This is an automated email from the ASF dual-hosted git repository.
ethanfeng pushed a commit to branch main
in repository https://gitbox.apache.org/repos/asf/celeborn.git
The following commit(s) were added to refs/heads/main by this push:
new fd715b41a [CELEBORN-1993] CelebornConf introduces
celeborn.<module>.io.threads to specify number of threads used in the client
thread pool
fd715b41a is described below
commit fd715b41af6eace7d50a5c042c7f1bb0bfac84dd
Author: SteNicholas <[email protected]>
AuthorDate: Tue May 20 17:44:38 2025 +0800
[CELEBORN-1993] CelebornConf introduces celeborn.<module>.io.threads to
specify number of threads used in the client thread pool
### What changes were proposed in this pull request?
`CelebornConf` introduces `celeborn.<module>.io.threads` to specify number
of threads used in the client thread pool.
### Why are the changes needed?
`ShuffleClientImpl` and `FlinkShuffleClientImpl` use fixed configuration
expression as `conf.getInt("celeborn." + module + ".io.threads", 8)`.
Therefore, `CelebornConf` should introduce `celeborn.<module>.io.threads` to
specify number of threads used in the client thread pool.
### Does this PR introduce _any_ user-facing change?
`CelebornConf` adds `celeborn.<module>.io.threads` config option.
### How was this patch tested?
No.
Closes #3245 from SteNicholas/CELEBORN-1993.

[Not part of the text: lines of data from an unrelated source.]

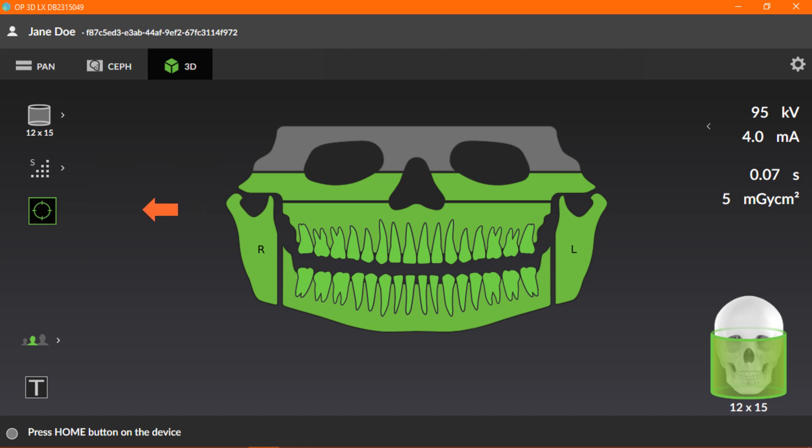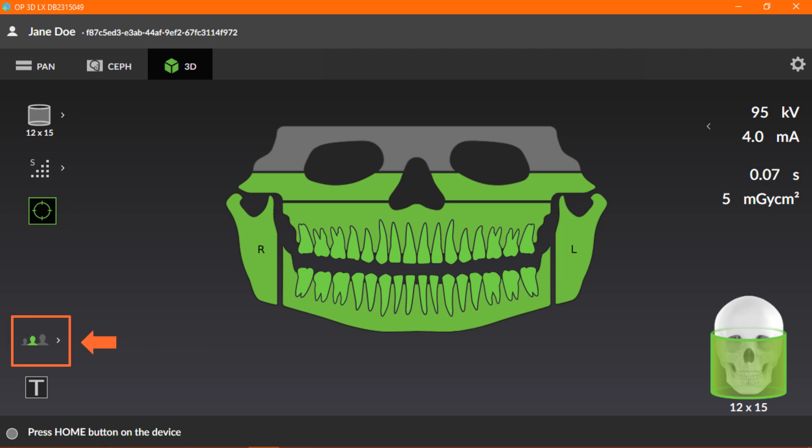The next icon is used for capturing a scout image. We'll cover this section later in this course. Now, let's look at the patient size selection icon. To change the patient size, click the icon.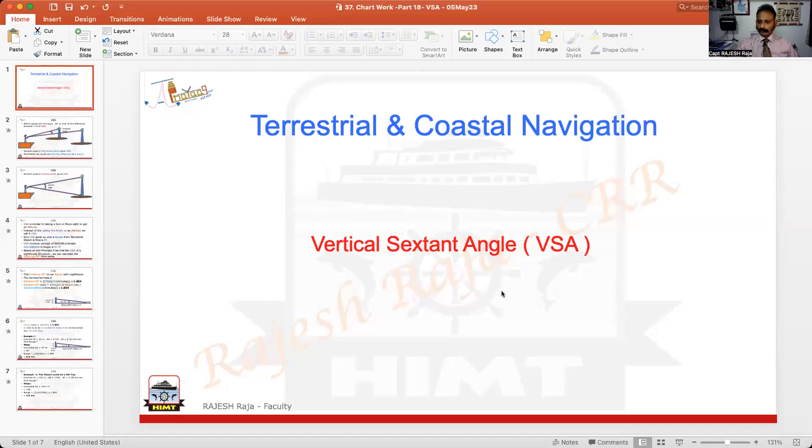Welcome back to Jalpayag. Today I am going to take a quick look at a small new topic on chart work, and that is a kind of reuse of the sextant principle. So that is why it is called vertical sextant angle.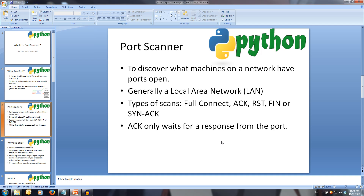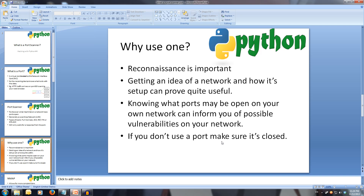Then there's the SYN ACK, which is great because it doesn't require the full three-way handshake. Once it gets any response from the device, it knows the port's open. So why use a port scanner? Reconnaissance is a great first step in any cyber assault. It gives you a rough idea of the network's layout and setup, as well as any possible immediate vulnerabilities. Many computers and devices have vulnerabilities on unprotected ports. Knowing what devices have ports open can also help you protect your own network by closing ports that are open and shouldn't be or aren't being used.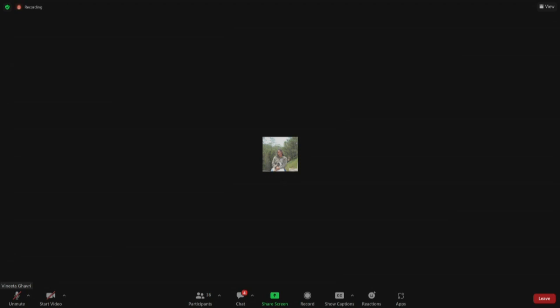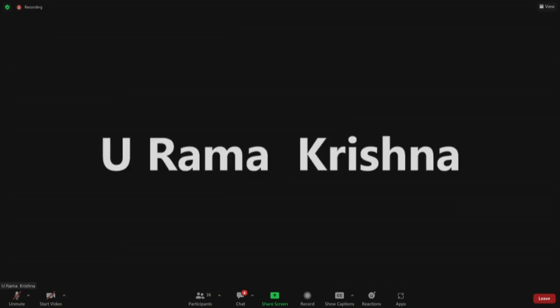If you have anything, you can always unmute and ask. Thank you, and Ankit, you can start.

Authored-by: SteNicholas <[email protected]>
Signed-off-by: mingji <[email protected]>
---
.../plugin/flink/client/FlinkShuffleClientImpl.java | 2 +-
.../apache/celeborn/client/ShuffleClientImpl.java | 3 +--
.../org/apache/celeborn/common/CelebornConf.scala | 20 +++++++++++++++++---
docs/configuration/network.md | 3 ++-
4 files changed, 21 insertions(+), 7 deletions(-)
diff --git
a/client-flink/common/src/main/java/org/apache/celeborn/plugin/flink/client/FlinkShuffleClientImpl.java
b/client-flink/common/src/main/java/org/apache/celeborn/plugin/flink/client/FlinkShuffleClientImpl.java
index 109e7c34e..9886620c3 100644
---
a/client-flink/common/src/main/java/org/apache/celeborn/plugin/flink/client/FlinkShuffleClientImpl.java
+++
b/client-flink/common/src/main/java/org/apache/celeborn/plugin/flink/client/FlinkShuffleClientImpl.java
@@ -174,7 +174,7 @@ public class FlinkShuffleClientImpl extends
ShuffleClientImpl {
this.bufferSizeBytes = bufferSizeBytes;
String module = TransportModuleConstants.DATA_MODULE;
TransportConf dataTransportConf =
- Utils.fromCelebornConf(conf, module, conf.getInt("celeborn." + module
+ ".io.threads", 8));
+ Utils.fromCelebornConf(conf, module, conf.networkIoThreads(module));
this.context =
new TransportContext(
dataTransportConf, readClientHandler,
conf.clientCloseIdleConnections());
diff --git
a/client/src/main/java/org/apache/celeborn/client/ShuffleClientImpl.java
b/client/src/main/java/org/apache/celeborn/client/ShuffleClientImpl.java
index 9c09e3604..1d540242c 100644
--- a/client/src/main/java/org/apache/celeborn/client/ShuffleClientImpl.java
+++ b/client/src/main/java/org/apache/celeborn/client/ShuffleClientImpl.java
@@ -222,8 +222,7 @@ public class ShuffleClientImpl extends ShuffleClient {
scala.None$.empty());
String module = TransportModuleConstants.DATA_MODULE;
- dataTransportConf =
- Utils.fromCelebornConf(conf, module, conf.getInt("celeborn." + module
+ ".io.threads", 8));
+ dataTransportConf = Utils.fromCelebornConf(conf, module,
conf.networkIoThreads(module));
initDataClientFactoryIfNeeded();
int pushDataRetryThreads = conf.clientPushRetryThreads();
pushDataRetryPool =
diff --git
a/common/src/main/scala/org/apache/celeborn/common/CelebornConf.scala
b/common/src/main/scala/org/apache/celeborn/common/CelebornConf.scala
index d33028a9a..8dbccaa1f 100644
--- a/common/src/main/scala/org/apache/celeborn/common/CelebornConf.scala
+++ b/common/src/main/scala/org/apache/celeborn/common/CelebornConf.scala
@@ -514,7 +514,7 @@ class CelebornConf(loadDefaults: Boolean) extends Cloneable
with Logging with Se
new RpcTimeout(get(NETWORK_TIMEOUT).milli, NETWORK_TIMEOUT.key)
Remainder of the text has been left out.